Tutorial

Upload Data to PostGIS using QGIS

There are many ways to upload data to a PostgreSQL/PostGIS database, including both GUI and command line tools. QGIS can be used to upload both spatial and non-spatial data into PostgreSQL/PostGIS. In QGIS, there are at least five ways to load data into a PostgreSQL/PostGIS database using the QGIS GUI, namely:

1. Export to PostgreSQL is a native QGIS tool in the processing toolbox that supports the export of any vector layer to an existing PostgreSQL connection. This simple tool has some helpful options, such as converting single-part geometries to multipart, but lacks the ability to do things like transform data into different SRIDs on import or set a primary key. Batch processing is possible with this tool and it can be incorporated into the Graphical Modeler. 

2. Export to PostgreSQL (available connections) and Export to PostgreSQL (new connection) are two GDAL tools that can also be used to export vector data to an existing or new database connection. These tools provide more export settings than any other tool in QGIS, such as the ability to reproject to other CRSs, the ability to filter values on import using a WHERE clause, and the ability to set a new column as the primary key (e.g. id). As with the Export to PostgreSQL tool above, the GDAL tools can be used in batch processing and custom QGIS tools in the Graphical Modeler. 

3. The DB Manager’s Import Layer/File tool is very similar to the GDAL tool for exporting data to PostgreSQL. It provides a core set of tools for exporting data to PostgreSQL, such as setting the primary key, setting the name of the geometry column, setting and source and target CRS, replacing the destination table, and converting names to lowercase. Unlike the previous tools, this tool can only be used in the DB Manager and cannot be used for batch processing or in the Graphical Modeler. Consequently, this tool does not integrate into QGIS’ processing framework so when loading a large layer with this tool, QGIS may appear to freeze as the data is exported to the DB. Although opinions vary, the DB Manager is still a very useful tool for uploading data to PostgreSQL.

4. Dragging and dropping layers from the Layers Panel to the Browser Panel into an existing database is another way to load data into PostgreSQL. This can be done by expanding the desired database so you can see all the schema, then dragging a layer and dropping it onto the desired schema. Given there are no input parameters for this tool, all data is imported with source values for layer name and CRS. One notable modification that can be made when using this tool is the layer name. The layer is imported based on the layer name in the Layers Panel, which is not necessarily the filename. Caution should be used when importing using this technique since it does not create a sequence on import, even if there is no ID field. 

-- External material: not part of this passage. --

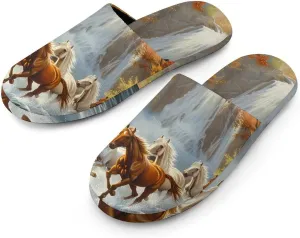 Life Mountain Stream Running Horse Wild Men's Cotton Slippers Closed Toe Slipper for Spa Hotel Bedoom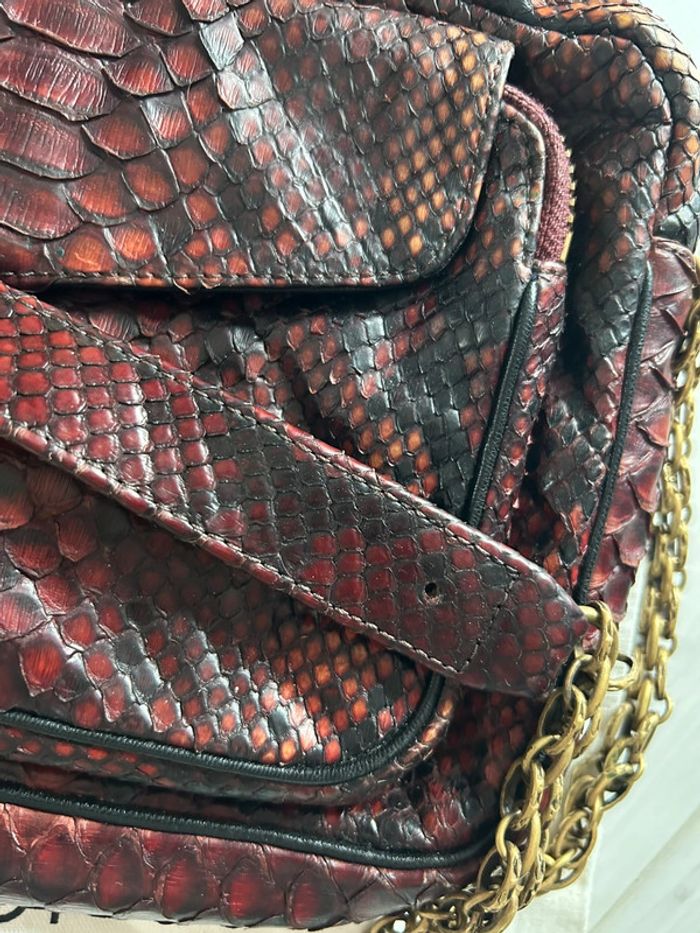 Sac Claris Virot Big Charly python Bordeaux - photo numéro 5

5. Tool output is another way to export data to PostgreSQL. In all native QGIS tools, the tool output can be saved to a number of locations, one of which is “Save to Database Table…”. Using this option, users can select the target database, schema, and provide a new table name. There are no other settings for things like target CRS, spatial indexes, etc. However, output layers are created with a primary key constraint in the database. 

A cautionary note about ID fields

Before uploading a layer into the database, it is best to check if it has a field called “id”. If it does, the primary key and sequence may not be created properly, depending which tool you employ. Some tools will create a primary key with a new field name (e.g. id2), some will throw an error, and some will simply not create a primary key and sequence. Why does this matter, one might ask? If a layer is loaded without a primary key and sequence (or primary key with a UUID field), editing that layer may be problematic.

It is always advisable to evaluate a layer BEFORE uploading it to PostgreSQL. If there is currently a field called ID, you have several choices, including the following:

  1. Drop the current ID field before import if it is not needed. Then set the upload tool to create a primary key called “id”. That should create the primary key and sequence. 
  2. Create a new primary key field called something other than id, such as “id2”. This is not the recommended solution, but works. 
  3. Rename the old “id” field. If the old id value is important, consider renaming it something like “id_legacy” then create a new primary key called “id” on upload. This preserves the data but creates new primary key.
  4. Lastly, and perhaps the most complicated solution, is to upload the layer as is then turn the current id field into the primary key and create a sequence that continues from the last number. For example, if you upload a layer with a sequential id that ends at 999, you need to create a sequence that starts at 1000. This way you preserve the old id values but you’re also able insert new rows into the table.

Data Import Checklist

The following checklist can be used when evaluating layers prior to upload:

  • Do all the layers have a defined CRS?
  • Are all the layers in the same CRS or will some need to be transformed on import? 
  • Are the layer names in the Layers Panel all in lowercase_snake_case without any additional special characters? 
  • Do the layers have a field called “id” that needs to be dealt with prior to upload? 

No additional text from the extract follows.